Dee Dee Bridgewater, le 11 novembre lors de son concert à Madrid. En arrière-plan, la contrebassiste Rosa Brunello porte son keffieh. Photo Oscar Gonzalez/Sipa USA/SIPA

Dans la pièce, la fille de Dee Dee Bridgewater, la chanteuse soul China Moses, a bondi. « J’aime beaucoup Philippe et dans la panique, ses paroles allaient sans doute plus loin que sa pensée, mais je ne pouvais pas le laisser le dire sans réagir. » A son tour, l’Américaine, chanteuse soul, actrice et animatrice radio sur TSF Jazz, est montée sur scène pour exprimer son désaccord. « Un keffieh est un signe culturel, qui a sa place dans un lieu de culture. Mais il doit aussi rester un espace de liberté, y compris politique. Cacher la dimension politique de la musique de ma mère serait nier toute sa carrière. »

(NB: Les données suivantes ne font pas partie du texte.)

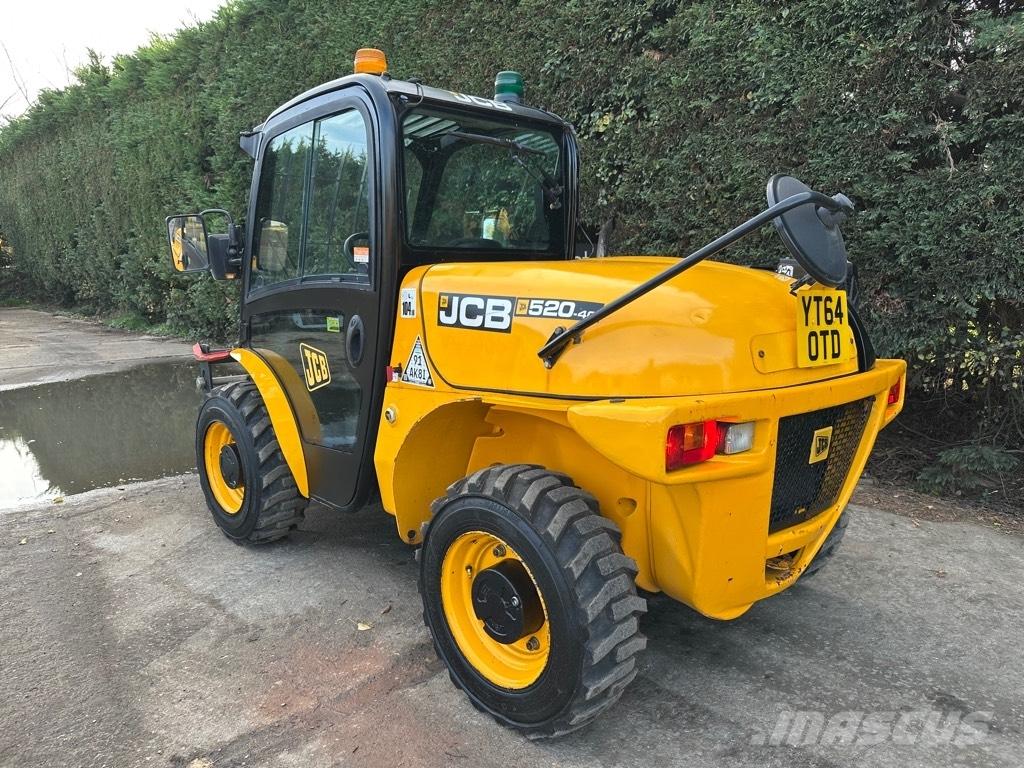 JCB 520-40 Stivuitoare telescopice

« Cette dame avait aussi le droit d’exprimer sa désapprobationcontinue China Moses, mais elle est allée trop loin en prenant une pièce entière en otage. » Car ni China Moses, ni le directeur du film de Dee Dee Bridgewater, ni même son propre mari n’ont réussi à raisonner le spectateur. Isolée, de plus en plus agitée, elle a résisté avec de nombreuses gesticulations lorsque les agents de sécurité voulaient la faire quitter les lieux. Philippe Lignier a finalement appelé la police, qui s’est montrée également impuissante à contraindre cette vieille dame. Le reste du public a été évacué. Le septuagénaire, seul au milieu des tribunes, est resté assis près d’une heure avant de repartir.

Impossible, après cela, de reprendre le concert. « L’interruption définitive a été décidée d’un commun accord avec Dee Dee Bridgewater, Gérard Drouot Production et la mairie », précise Sandrine Peney, adjointe à la Culture à Courbevoie et présidente de CourbevoiEvent, l’entreprise publique locale dont dépend l’Espace Carpeaux. Les spectateurs, pour la plupart abonnés, seront tous remboursés. Le fauteur de troubles sera banni des lieux.

Mais sur la question du keffieh, le flou demeure. Au Café de la danse, une clause dans les contrats de location de sa salle interdit désormais toute « manifestation politique » sur scène, qu’il s’agisse d’un drapeau ou du symbole d’un pays. A la mairie de Courbevoie, Sandrine Peney n’envisage pas, en principe, de censurer un artiste. Prudente, elle voudrait néanmoins éviter, à l’avenir, « se retrouver devant le fait accompli », encourager les producteurs de concerts à  » prévenir  » d’éventuelles manifestations politiques. Une réponse ambiguë, qui soulève d’interminables questions.